Par souci de clarté, il ne faudrait pas laisser entendre qu’on doit donner la priorité exclusivement aux nouveaux arrivants potentiels dans les catégories de travailleurs très spécialisés. Après tout, les Canadiens apprennent que les nouveaux arrivants apportent des contributions démesurées dans certains secteurs dans lesquels les salaires sont moindres, dont la santé ou les soins de longue durée, dans lesquels les fortes pénuries de travailleurs pénalisent dans l’ensemble le bien‑être de nombreux Canadiens. En outre, les riches données longitudinales qui tracent les parcours des immigrants sur plusieurs décennies nous apprennent que les enfants des immigrants gagnent des salaires égaux ou même supérieurs à leurs collègues — de l’ordre de presque 30 % pour les enfants de 30 ans des familles d’immigrants pour des motifs économiques (graphique 10). Or, ils ne devraient pas attendre une génération pour corriger ces déficits. 

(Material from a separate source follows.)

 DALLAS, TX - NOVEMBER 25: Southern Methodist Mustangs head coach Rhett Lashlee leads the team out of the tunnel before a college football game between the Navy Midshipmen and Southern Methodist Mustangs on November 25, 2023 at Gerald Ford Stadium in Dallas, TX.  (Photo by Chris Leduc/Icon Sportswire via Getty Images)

Graphique 10 : La deuxième génération rattrape ou dépasse (les parents et les collègues)

Pour amenuiser les discordances entre la formation et l’emploi, il faudra compter sur la collaboration dans l’ensemble des secteurs. Tous les paliers de gouvernement, le secteur privé, les établissements d’enseignement et les secteurs d’impact social ont un rôle évident à jouer en surmontant certains obstacles qui pourraient empêcher les néo‑Canadiens d’avoir accès à des emplois significatifs et enrichissants, qui correspondent à leur formation et à leur expérience au fil des ans et d’améliorer substantiellement le bien‑être de leur ménage. S’il y a déjà toute une série de programmes d’aide pour l’établissement des nouveaux arrivants, très peu sont optimisés pour les besoins de l’emploi (graphique 11). 

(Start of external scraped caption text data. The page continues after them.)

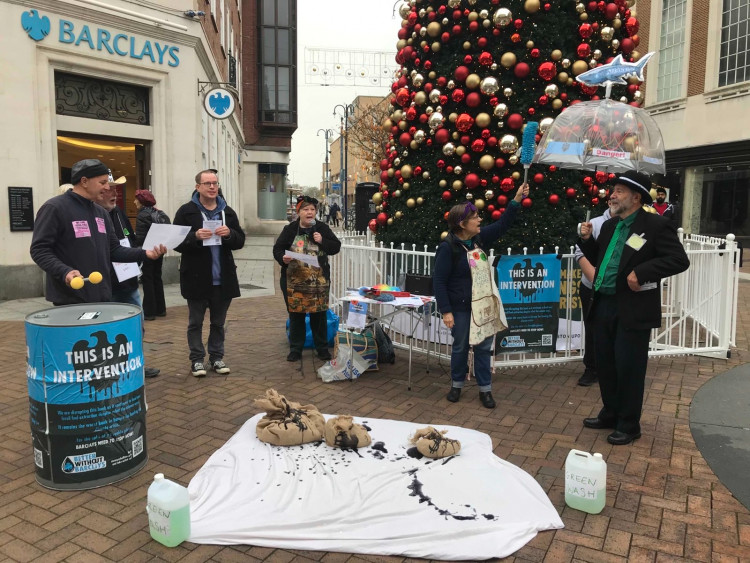 Extinction Rebellion protestors outside Kingston's Barclays bank on Monday morning.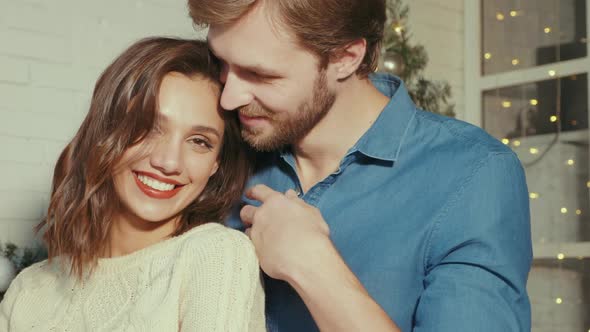 Smiling beautiful woman and her handsome boyfriend posing in New Year interior 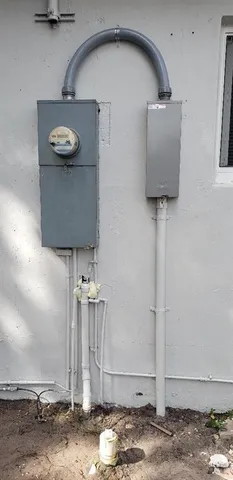 a close view of light fixtures and a wooden floor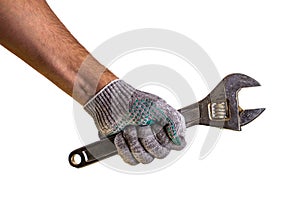 man`s hand holding adjustable wrench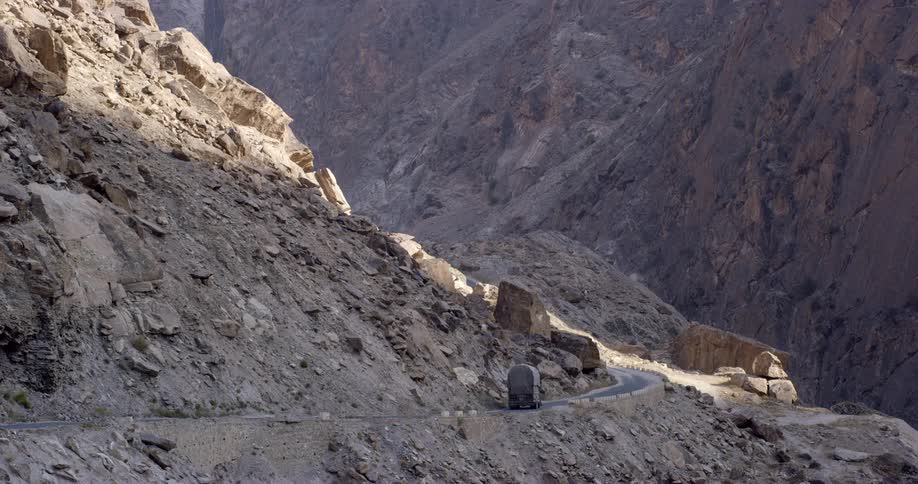 A freight truck is driving slowly down a narrow road through mountains and rocky terrain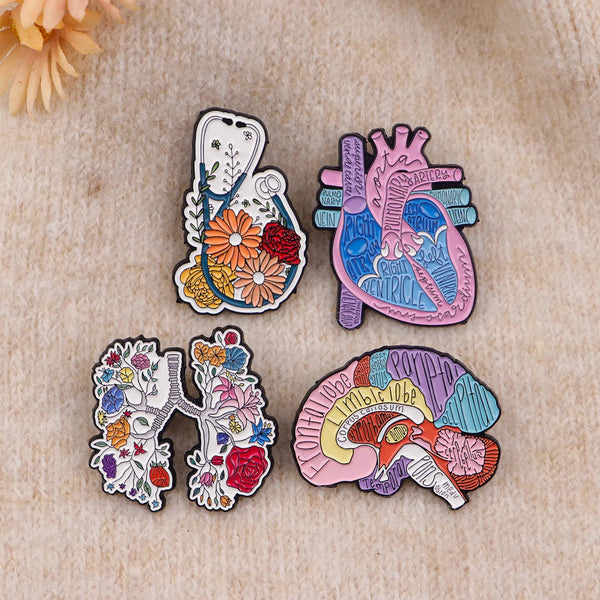 A set of enamel pins featuring medical themes including a heart, lungs, and brain.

Graphique 11 : Recours aux services d'installation au pays

Il est improbable que des changements rapides se produisent du jour au lendemain — en raison des heurts et des obstacles légitimes dans la colonne de l’offre comme dans celle de la demande —; pourtant, hausser les ambitions collectives pourrait accélérer le progrès. Un « passeport pour l’accessibilité en milieu de travail » à l’intention des nouveaux arrivants, par exemple, pourrait tracer les objectifs aspirationnels qu’établiraient les nouveaux arrivants eux‑mêmes en se donnant un plan de 5 ans — avec de l’aide potentielle — pour y arriver. Ils pourraient commencer dans des postes moins spécialisés comme point d’accès dans leur nouveau pays et dans leur nouveau contexte, mais avoir l’occasion de suivre un meilleur parcours à la longue et avoir accès à des fonctions plus spécialisées et mieux rémunérées. Les gouvernements pourraient encourager l’accès à la propriété des entreprises en priorisant les courants d’immigration dans les secteurs et chez les employeurs qui s’engagent à favoriser ces passeports transférables dans une structure‑cadre plus vaste, qui tient compte de la contribution sectorielle au potentiel de croissance, du palmarès de ce secteur dans l’investissement consacré à la productivité du capital et de la main‑d’œuvre, ainsi que de son rôle essentiel dans la société.

Ce parcours ne doit pas prendre fin quand les nouveaux arrivants s’installent au Canada et intègrent la population active; il devrait plutôt s’agir du début de ce parcours. Les postes d’accès au marché du travail pourraient constituer un tremplin, et non nécessairement la destination finale, lorsque les nouveaux arrivants commencent à améliorer leur propre bien‑être en contribuant à l’économie et à la société du Canada. Au‑delà des arguments moraux, la concurrence est appelée à s’aviver pour les jeunes talents très instruits et mobiles à l’heure où la population active prend mondialement de l’âge. Ces nouveaux arrivants iront dans les secteurs dans lesquels leur talent est le mieux reconnu et rétribué comme il se doit.